Funerals have come a long way: From wagons to coaches
By Norris Dearmon
For the Salisbury Post
In the early years of our history, no funeral coaches were available. If someone expired, the body was carried to an open location by hand, a grave was dug, the body placed in the grave, maybe in a wooden box and it was covered. In most cases only a rock or wooden cross was placed at the site to mark it. In a lot of cases the location became a family cemetery.
As time progressed and churches were built, a grave yard was designated for burial of church members. A coffin was either homemade or purchased at a local store and a buck board or a wagon pulled by a horse was used to transport the coffin. There were no such things as funeral directors. The relatives took care of everything.
The Lowe Brothers General Store, built in 1907 on the corner at the square in early Kannapolis, eventually sold coffins and caskets as well as most any thing else the early families needed. It was the first store built in Kannapolis. By May 1911, the Lowe Brothers, along with W.L. Yost and A.J. DeMarcus, had incorporated a new undertaking business by the name of DeMarcus Undertaking Co. They purchased one of the new funeral horsedrawn coaches, a first for Kannapolis.
Eventually the funeral parlors became more prevalent and more sophisticated, and companies began produc ing an enclosed funeral coach which was horse drawn. The coaches were usually very ornate and the drivers wore tall, black hats. A picture of one of the coaches accompanies this article. The antique coach was in a Kannapolis Christmas Parade in the early 1950s.
A motorized coach produced by the Winton Coach Co. in 1918 was being used by the Wilkinson Funeral Home of Kannapolis in the ’20s. It was very ornate with glass on both sides draped with typical funeral home drapes. The body of the coach was made of solid walnut on a truck chassis.

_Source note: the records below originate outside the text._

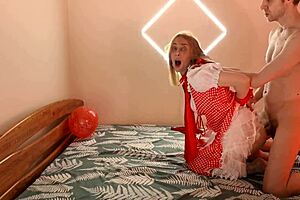 Amateur performance of deepthroat and anal sex with girl in red costume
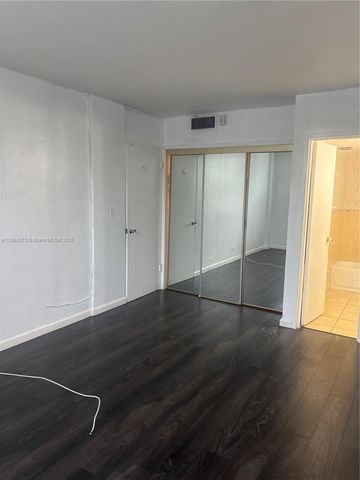 3660 NE 166th St 215, North Miami Beach, FL 33160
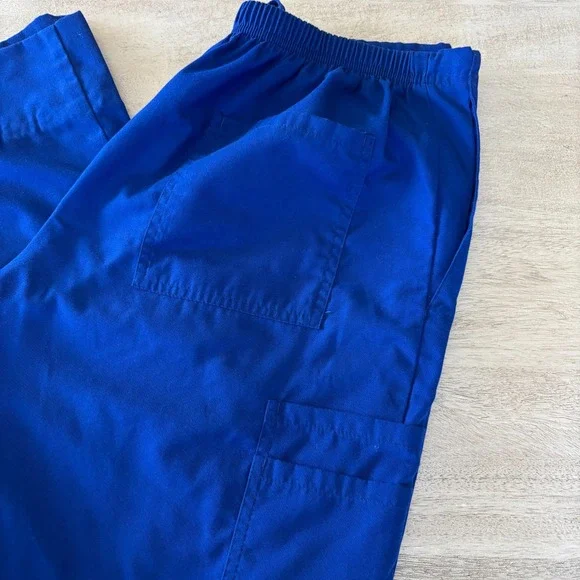 SB Scrubs Scrub Set Electric Blue Women's Small Top And Bottom - Picture 12 of 16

By the time the 1930s rolled around the construction of cars, trucks and funeral coaches improved dramatically. Wilkinson Funeral Home, just called The Funeral Home then, purchased the latest version at that time. It was an extended body coach. It could be opened to remove the casket on either side and at the back. Bennett Hipp, along with W.H. Whitley, are shown with that type of coach in use in 1932. Whitley began his career much earlier in the Wilkinson Furniture and Funeral Home business. He purchased the funeral home from Wilkinson in 1938 and established a well-known funeral home business in his name, carrying on the previous owners’ expertise. He purchased the latest equipment and moved into new quarters on West Avenue because downtown Kannapolis was being converted to Wiliamsburg-style architecture.
During those times, the funeral homes also furnished the ambulance service as a community service. All kept up with the latest equipment in order to better serve the community. As the number of automobiles grew, there were more wrecks and a need for fast transportation, but no medical service. The counties took over emergency medical service in 1964.
Today the funeral coaches are modern in every way. Most are still black with a typical funeral coach design and are loaded from the rear. Many have a partial fabric top, which is quite different from the 1700s and 1800s.